Saved entries
%%

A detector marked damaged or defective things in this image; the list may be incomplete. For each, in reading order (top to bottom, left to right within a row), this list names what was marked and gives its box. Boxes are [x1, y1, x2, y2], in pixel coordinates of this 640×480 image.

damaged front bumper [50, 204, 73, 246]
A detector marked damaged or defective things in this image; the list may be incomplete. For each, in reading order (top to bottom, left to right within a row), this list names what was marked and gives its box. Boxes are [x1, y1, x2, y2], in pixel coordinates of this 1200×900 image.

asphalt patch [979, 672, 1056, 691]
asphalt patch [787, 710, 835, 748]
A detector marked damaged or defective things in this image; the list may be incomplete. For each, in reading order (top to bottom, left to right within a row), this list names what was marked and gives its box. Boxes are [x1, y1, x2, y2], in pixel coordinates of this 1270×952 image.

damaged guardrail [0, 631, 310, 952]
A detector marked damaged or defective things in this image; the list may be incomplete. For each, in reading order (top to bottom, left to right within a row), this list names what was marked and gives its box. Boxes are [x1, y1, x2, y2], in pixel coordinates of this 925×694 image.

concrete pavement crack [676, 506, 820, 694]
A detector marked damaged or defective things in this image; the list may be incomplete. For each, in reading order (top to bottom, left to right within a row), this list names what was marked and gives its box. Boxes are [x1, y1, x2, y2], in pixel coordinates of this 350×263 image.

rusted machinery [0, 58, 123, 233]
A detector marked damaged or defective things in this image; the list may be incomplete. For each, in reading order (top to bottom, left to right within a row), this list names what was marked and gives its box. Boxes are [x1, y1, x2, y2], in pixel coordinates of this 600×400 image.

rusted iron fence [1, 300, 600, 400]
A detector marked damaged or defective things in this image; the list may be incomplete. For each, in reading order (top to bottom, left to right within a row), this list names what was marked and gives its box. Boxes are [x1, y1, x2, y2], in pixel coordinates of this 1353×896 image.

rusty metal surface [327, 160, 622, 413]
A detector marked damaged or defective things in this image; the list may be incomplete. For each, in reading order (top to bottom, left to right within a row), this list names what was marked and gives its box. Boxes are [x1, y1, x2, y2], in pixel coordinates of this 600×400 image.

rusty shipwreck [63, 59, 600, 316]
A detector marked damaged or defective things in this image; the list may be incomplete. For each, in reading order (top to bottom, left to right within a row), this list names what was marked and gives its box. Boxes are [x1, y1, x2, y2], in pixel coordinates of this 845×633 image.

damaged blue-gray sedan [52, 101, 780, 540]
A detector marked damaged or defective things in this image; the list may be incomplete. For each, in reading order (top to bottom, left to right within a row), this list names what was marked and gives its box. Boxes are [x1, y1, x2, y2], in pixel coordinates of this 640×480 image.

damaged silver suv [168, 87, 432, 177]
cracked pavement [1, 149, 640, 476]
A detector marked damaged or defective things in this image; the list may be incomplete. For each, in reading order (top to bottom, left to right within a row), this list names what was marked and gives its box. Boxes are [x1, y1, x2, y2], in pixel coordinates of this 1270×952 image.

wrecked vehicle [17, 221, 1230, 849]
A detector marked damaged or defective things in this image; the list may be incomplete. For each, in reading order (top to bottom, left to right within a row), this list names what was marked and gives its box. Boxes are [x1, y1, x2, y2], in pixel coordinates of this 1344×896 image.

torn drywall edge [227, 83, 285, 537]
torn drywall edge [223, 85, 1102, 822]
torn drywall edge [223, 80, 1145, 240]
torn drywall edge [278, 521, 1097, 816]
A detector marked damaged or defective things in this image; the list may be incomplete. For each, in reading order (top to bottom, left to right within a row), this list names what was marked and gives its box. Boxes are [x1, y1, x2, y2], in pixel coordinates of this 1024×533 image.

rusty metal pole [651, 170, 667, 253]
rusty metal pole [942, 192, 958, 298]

%%

**WORK ITEM**
Give back all of the entries above, unchanged in every word.

**REPLY TO THE EXERCISE**
A detector marked damaged or defective things in this image; the list may be incomplete. For each, in reading order (top to bottom, left to right within a row), this list names what was marked and gives its box. Boxes are [x1, y1, x2, y2], in pixel coordinates of this 640×480 image.

damaged front bumper [50, 204, 73, 246]
A detector marked damaged or defective things in this image; the list may be incomplete. For each, in reading order (top to bottom, left to right within a row), this list names what was marked and gives its box. Boxes are [x1, y1, x2, y2], in pixel coordinates of this 1200×900 image.

asphalt patch [979, 672, 1056, 691]
asphalt patch [787, 710, 835, 748]
A detector marked damaged or defective things in this image; the list may be incomplete. For each, in reading order (top to bottom, left to right within a row), this list names what was marked and gives its box. Boxes are [x1, y1, x2, y2], in pixel coordinates of this 1270×952 image.

damaged guardrail [0, 631, 310, 952]
A detector marked damaged or defective things in this image; the list may be incomplete. For each, in reading order (top to bottom, left to right within a row), this list names what was marked and gives its box. Boxes are [x1, y1, x2, y2], in pixel coordinates of this 925×694 image.

concrete pavement crack [676, 506, 820, 694]
A detector marked damaged or defective things in this image; the list may be incomplete. For each, in reading order (top to bottom, left to right within a row), this list names what was marked and gives its box. Boxes are [x1, y1, x2, y2], in pixel coordinates of this 350×263 image.

rusted machinery [0, 58, 123, 233]
A detector marked damaged or defective things in this image; the list may be incomplete. For each, in reading order (top to bottom, left to right within a row), this list names what was marked and gives its box. Boxes are [x1, y1, x2, y2], in pixel coordinates of this 600×400 image.

rusted iron fence [1, 300, 600, 400]
A detector marked damaged or defective things in this image; the list may be incomplete. For each, in reading order (top to bottom, left to right within a row), this list names what was marked and gives its box. Boxes are [x1, y1, x2, y2], in pixel coordinates of this 1353×896 image.

rusty metal surface [327, 160, 622, 413]
A detector marked damaged or defective things in this image; the list may be incomplete. For each, in reading order (top to bottom, left to right within a row), this list names what was marked and gives its box. Boxes are [x1, y1, x2, y2], in pixel coordinates of this 600×400 image.

rusty shipwreck [63, 59, 600, 316]
A detector marked damaged or defective things in this image; the list may be incomplete. For each, in reading order (top to bottom, left to right within a row), this list names what was marked and gives its box. Boxes are [x1, y1, x2, y2], in pixel coordinates of this 845×633 image.

damaged blue-gray sedan [52, 101, 780, 540]
A detector marked damaged or defective things in this image; the list may be incomplete. For each, in reading order (top to bottom, left to right within a row), this list names what was marked and gives its box. Boxes are [x1, y1, x2, y2], in pixel coordinates of this 640×480 image.

damaged silver suv [168, 87, 432, 177]
cracked pavement [1, 149, 640, 476]
A detector marked damaged or defective things in this image; the list may be incomplete. For each, in reading order (top to bottom, left to right within a row), this list names what was marked and gives its box. Boxes are [x1, y1, x2, y2], in pixel coordinates of this 1270×952 image.

wrecked vehicle [17, 221, 1230, 849]
A detector marked damaged or defective things in this image; the list may be incomplete. For each, in reading order (top to bottom, left to right within a row), this list names what was marked and gives its box. Boxes are [x1, y1, x2, y2], in pixel coordinates of this 1344×896 image.

torn drywall edge [227, 83, 285, 537]
torn drywall edge [223, 85, 1102, 822]
torn drywall edge [223, 80, 1145, 240]
torn drywall edge [278, 521, 1097, 816]
A detector marked damaged or defective things in this image; the list may be incomplete. For each, in reading order (top to bottom, left to right within a row), this list names what was marked and gives its box. Boxes are [x1, y1, x2, y2], in pixel coordinates of this 1024×533 image.

rusty metal pole [651, 170, 667, 253]
rusty metal pole [942, 192, 958, 298]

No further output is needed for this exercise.